However, since obj.method() "works" I really don't understand why method(obj) does not. In both cases the traits needs to be in scope so... it doesn't feel symmetric to me at all.


@yigal100

A free-function that was not designed to be used as a method must not be allowed to be called as such.

why?

Your mental model of how this works / should work is quite different from how Rust works.

Methods are a type directed syntax for name resolution; they look at the inherent impl of the type, as well as any trait in scope, in order to find the method. In addition, methods will perform automatic referencing and dereferencing in order to find the item. Once this type-directed resoution is done, a method is essentially translated into <$TYPE as $TRAIT>::method(receiver).

Free functions just do a simple scoped name resolution. Methods are about introducing a type-based resolution step prior to that name resolution.

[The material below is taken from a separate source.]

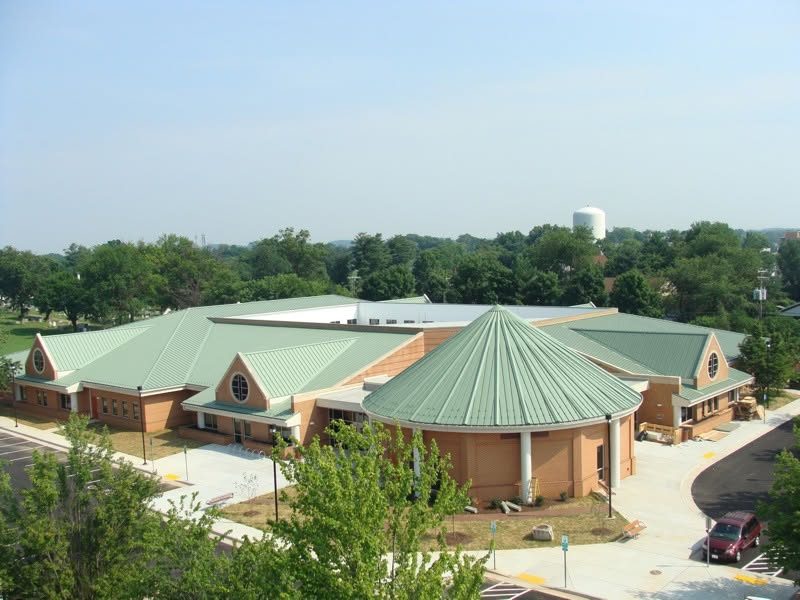 Rust Library in Leesburg with a green standing seam metal roof, including the tapered round section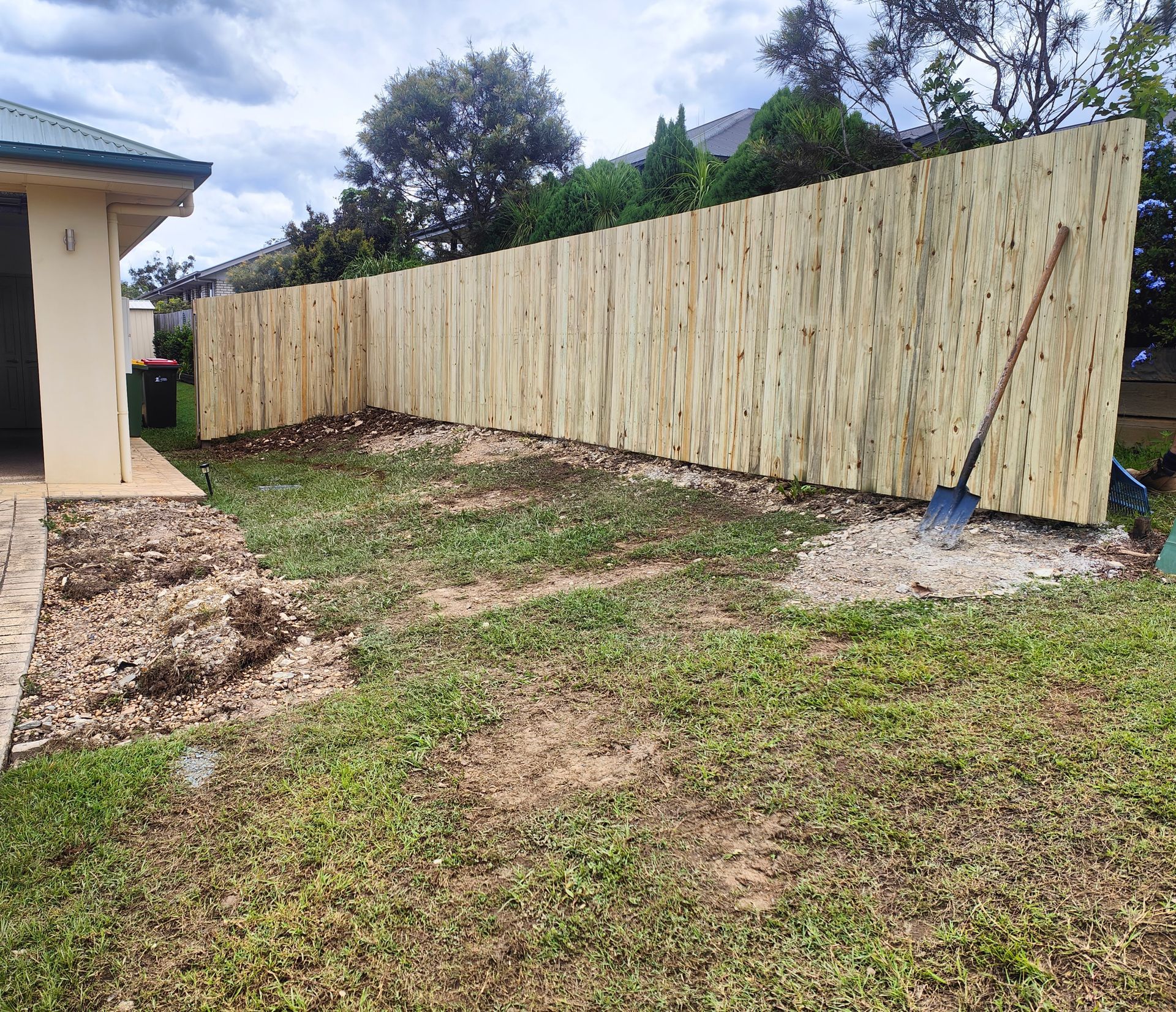 New Wooden Fence Along A Grassy Yard Beside A House, With A Shovel Leaning Against It — Quality Fences 4 U in Gympie, QLD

The only reason you have to qualify trait functions is that you cannot import trait items directly into scope (map is not in scope, Iterator is in scope). I don’t know if there’s a reason we could never support importing the items from a trait, but today we don’t support it.

Do you happen to know why this is this way? It seems to me that the resolution performed by methods is more powerful. Would it break everything is free functions would use this as well?

Anyhow I would like Trait methods and type methods to be callable as free functions without qualification.

I find Trait methods in particular way more powerful than free-functions (and even more with specialization), and having to write a "boiler-plate" free function requiring the trait just to be able to call them without qualification seems unnecessary.

It would be very odd behavior IMO because the ref/deref dispatch we do only on the reciever, which has the keyword self. This is why self doesn't take a type and is a keyword in Rust and not a convention (like it is in Python).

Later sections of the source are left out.